Sorti voici presque un an, « Si vite que courent les crocodiles » a fait plus que rencontrer son public. Le livre de Béatrice Riand a également glané le Prix 2023 de la Société des écrivains valaisans. Ce « microroman », publié dans la collection Uppercut chez BSN Press, méritait un podcast. Comme une partie de l’action se déroule à Montorge, l’interview s’est réalisée en marchant autour du lac. On y croise des gens, on évite des gouilles, on entend la pluie qui tombe sur les parapluies. Génial!
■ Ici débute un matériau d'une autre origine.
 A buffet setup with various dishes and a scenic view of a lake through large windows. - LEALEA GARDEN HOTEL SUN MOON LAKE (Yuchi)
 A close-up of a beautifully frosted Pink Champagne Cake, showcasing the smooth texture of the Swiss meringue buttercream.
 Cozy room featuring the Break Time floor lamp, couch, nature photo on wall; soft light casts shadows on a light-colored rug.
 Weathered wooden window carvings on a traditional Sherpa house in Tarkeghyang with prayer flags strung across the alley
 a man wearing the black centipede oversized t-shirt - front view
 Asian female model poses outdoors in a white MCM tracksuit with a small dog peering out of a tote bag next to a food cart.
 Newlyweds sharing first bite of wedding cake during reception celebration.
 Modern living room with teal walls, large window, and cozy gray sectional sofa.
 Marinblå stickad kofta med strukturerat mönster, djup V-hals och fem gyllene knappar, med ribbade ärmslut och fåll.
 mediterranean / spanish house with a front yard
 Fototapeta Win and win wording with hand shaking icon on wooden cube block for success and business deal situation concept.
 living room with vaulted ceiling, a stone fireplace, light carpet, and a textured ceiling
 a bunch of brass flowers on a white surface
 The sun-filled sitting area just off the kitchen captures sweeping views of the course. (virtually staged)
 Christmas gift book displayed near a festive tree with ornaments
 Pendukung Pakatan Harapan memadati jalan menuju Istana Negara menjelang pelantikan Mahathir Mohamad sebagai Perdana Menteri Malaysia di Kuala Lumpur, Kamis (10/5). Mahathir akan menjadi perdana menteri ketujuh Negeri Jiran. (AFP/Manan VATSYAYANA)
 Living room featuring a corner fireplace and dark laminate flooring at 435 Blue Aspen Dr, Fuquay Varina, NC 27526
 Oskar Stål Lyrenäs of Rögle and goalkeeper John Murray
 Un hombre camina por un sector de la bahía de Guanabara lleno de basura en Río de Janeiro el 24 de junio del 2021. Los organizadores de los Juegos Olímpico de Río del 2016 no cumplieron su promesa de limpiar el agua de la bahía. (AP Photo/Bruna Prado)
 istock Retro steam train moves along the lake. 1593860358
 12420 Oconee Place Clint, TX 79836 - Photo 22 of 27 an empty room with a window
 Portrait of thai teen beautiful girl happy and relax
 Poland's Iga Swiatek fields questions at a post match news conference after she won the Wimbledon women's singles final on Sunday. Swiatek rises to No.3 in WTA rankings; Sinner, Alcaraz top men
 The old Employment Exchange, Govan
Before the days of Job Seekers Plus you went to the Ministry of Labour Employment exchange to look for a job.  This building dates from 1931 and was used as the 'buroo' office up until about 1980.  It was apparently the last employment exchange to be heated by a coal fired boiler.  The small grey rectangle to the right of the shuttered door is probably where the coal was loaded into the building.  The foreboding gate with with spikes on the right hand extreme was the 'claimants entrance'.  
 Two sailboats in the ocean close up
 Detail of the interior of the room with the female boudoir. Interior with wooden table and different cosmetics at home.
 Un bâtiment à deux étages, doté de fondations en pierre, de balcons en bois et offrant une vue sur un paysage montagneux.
PS: Fin août 2022, j’ai rédigé pour le site l’1dex, un court article sur « Si vite que courent les crocodiles » que voici, que voilà:

Le rythme de l’exutoire

« Si vite que courent les crocodiles » donne au galop des mots une vertu salvatrice. Ce microroman apporte un peu d’oxygène dans un univers essoufflé.

Quand il y a un trop plein d’intelligence dans la tête, la connerie du monde vide les énergies. Elle laisse désemparé face à l’effrayante réalité des autres. Elle condamne au repli sur soi-même. Elle enferme dans une forteresse de solitude dont l’épaisseur des murs se consolide au quotidien.Pour avoir la paix – pas d’intrusion, fuir les contacts, s’isoler dans une quiétude illusoire – l’héroïne de « Si vite que courent les crocodiles » dit « oui ». À tout et tout le temps.

Comme ça, pas d’affrontement.

La jeune fille accepte et paie ensuite l’addition très salée de ses compromissions obligatoires. À l’école, cette surdouée saute une classe et, du coup, se meut dans un marécage où flottent des « crocodiles ». Ces entités animales, brutes, qui tracent dans les eaux d’un bayou dont ils connaissent les codes. Eux. Ce sont des élèves, des professeurs, d’autres adultes.

Lassée de ne se trouver aucune place dans sa famille ou au collège, cette ado se donne deux alternatives : en finir ou traîner en justice des parents qui n’ont pensé à rien avant de la concevoir. Elle choisit la seconde option, elle monte un réquisitoire contre son troupeau, elle plaide sa cause. C’est binaire. L’avocat qu’elle consulte lui offre une troisième voie, un exutoire afin qu’elle se retrouve, elle, grâce à la course.

Dans la ville aux deux châteaux, autour d’un lac naturel, avec ses baskets bleues, elle se tracera un nouveau parcours de vie, affirmera son identité, affichera face aux lycéens la force de son génie créatif.

La collection « Uppercut » de BSN Press pose des principes clairs : un texte court avec une thématique sportive. Dans ce microroman, Béatrice Riand adapte son rythme d’écriture à cette contrainte. Ses mots galopent d’une page à l’autre et entraînent le lecteur dans une cadence soutenue. Aucune rupture typographique au déroulé des phrases, cela doit s’enchaîner sans cesse, que l’on comprenne l’étouffement de l’héroïne et le second souffle que lui apporte sa course. On ne lâche pas ce « run » de 74 pages, on avale point, virgules afin d’atteindre la ligne d’arrivée au plus vite.

Béatrice Riand esquisse des solutions là où elle aurait pu uniquement poser un constat de victime. Ce second ouvrage marque un pas. Il sort de l’autofiction (« J’aurais préféré Baudelaire heureux » – 2018) pour dessiner de nouveaux horizons romanesques. À suivre. On espère un chrono plus rapide avant de découvrir la prochaine œuvre.